Nos lecteurs nous écrivent. Lettre ouverte à Mmes Géraldine Savary et Ada Marra : la burqa et les féministes

Lettre ouverte à Mmes Géraldine Savary et Ada Marra, en réaction à leurs propos tenus dans un article sur la burqa et les féministes paru dans « Le Matin Dimanche » du 27 mars 2016

Force est de constater que les femmes – certaines femmes dirons-nous pour éviter de généraliser - sont les pires ennemis … des femmes. Les réactions de Géraldine Savary et Ada Marra sont typiques du discours dogmatique socialiste qui ne peut concevoir d’adhérer à une initiative proposée par un autre parti, et surtout pas un parti de droite ! Que diable, on reste socialiste ou on ne l’est pas. Même si le bon sens et notre bagage occidental judéo-chrétien devraient naturellement les amener à soutenir cette initiative, le dogme agissant comme une chape de plomb les en empêche. C’est ce qui s’appelle avoir des priorités partisanes. C’est pour le moins rassurant et ça donne froid dans le dos.
Contre toute attente, il est consternant – pour ma part, cela se rapproche de l’écœurement - de les voir minimiser, défendre, justifier certaines causes qui in fine annihilent leur propre genre : de l’excision en Afrique en passant par les unions forcées, les mariages de jeunes filles mineures, la polygamie, jusqu’à la servilité des femmes et le port d’oripeaux vestimentaires au Moyen Orient, voire dans l’ensemble du monde musulman. Vous trouverez toujours des femmes qui, sur de telles thématiques, proclameront que nous devons respecter les minorités et leurs coutumes rétrogrades voire barbares au nom de l’ouverture de nos propres sociétés sur le monde et de l’acceptation des différences culturelles. De véritables petits soldats Mesdames Géraldine Savary et Ada Marra, qui soutiennent bec et ongles que la burqa n’est ni un problème, ni une menace dans nos sociétés.
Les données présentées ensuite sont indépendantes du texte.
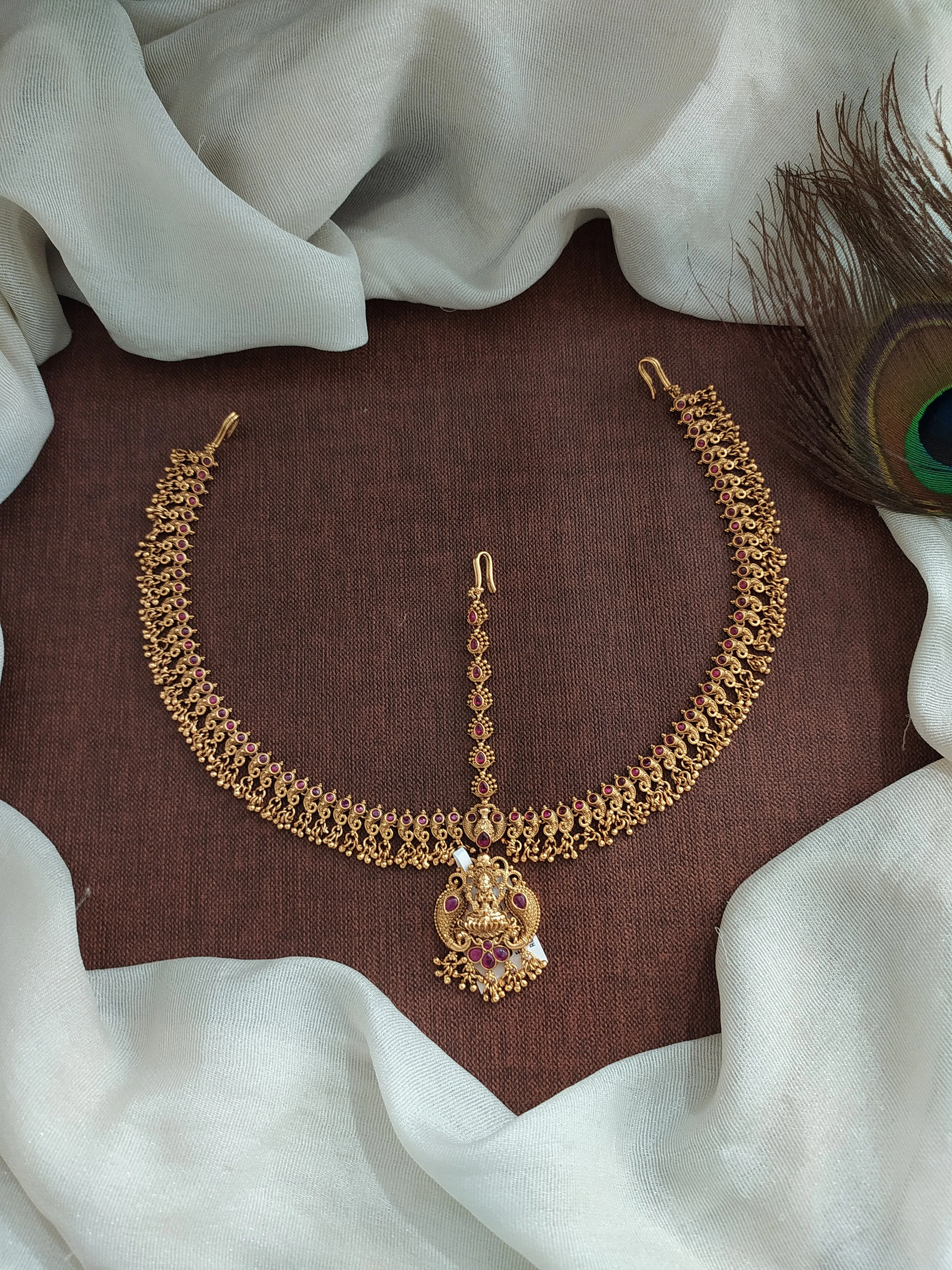 Antique Copper Finish Tikka Set with Lakshmi Design and Red & Golden Ball Hangings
Pour en revenir à leurs doutes existentiels sur le port de la burqa en Suisse et, par extension, dans nos pays occidentaux, il serait opportun de préciser certains concepts. Tout d’abord, il n’est pas question de « burqa » uniquement. En Arabie Saoudite, je comprends qu’on parle d’abaya, en Iran de tchador et en Afghanistan de burqa (ça a le gout de la modernité ces noms, ne trouvez-vous pas ?). A cela s’ajoute le voile islamique recouvrant le visage des jeunes filles dès leur puberté. Malheur, elles deviennent impures ! D’autres termes doivent fort probablement exister, mais je ne prétends pas être familier avec les méandres de la mode islamique pour pouvoir me prononcer de manière exhaustive sur le sujet. Par contre, c’est immanquablement le même schéma : il s’agit toujours d’attributs vestimentaires imposés aux femmes, et uniquement à ces dernières, en vertu soi-disant de textes religieux. Je crois comprendre qu’il n’en est rien et qu’aucune loi n’oblige à porter quoi que ce soit. Il s’agit encore une fois d’interprétation faite par des hommes – et oui – qui considèrent finalement que, par nature, les hommes sont jugés comme des êtres lubriques et faibles, et les femmes comme des séductrices. En somme, être bon musulman exige donc d’éviter tout contact tentateur avec l’autre sexe. Inévitablement, les femmes sont ségrégées et portent sur leur corps la culpabilité de leurs pouvoirs tentateurs - quelle horreur. Et bien non, Mesdames les donneurs-de-leçon moralisatrices ! La ségrégation en vertu de votre sexe s’appelle du sexisme et le sexisme est une forme abjecte de racisme qui touche 50% de notre population. Parlez-en à Madame Brunschwig Graf ; elle est sensée défendre et embrasser la cause.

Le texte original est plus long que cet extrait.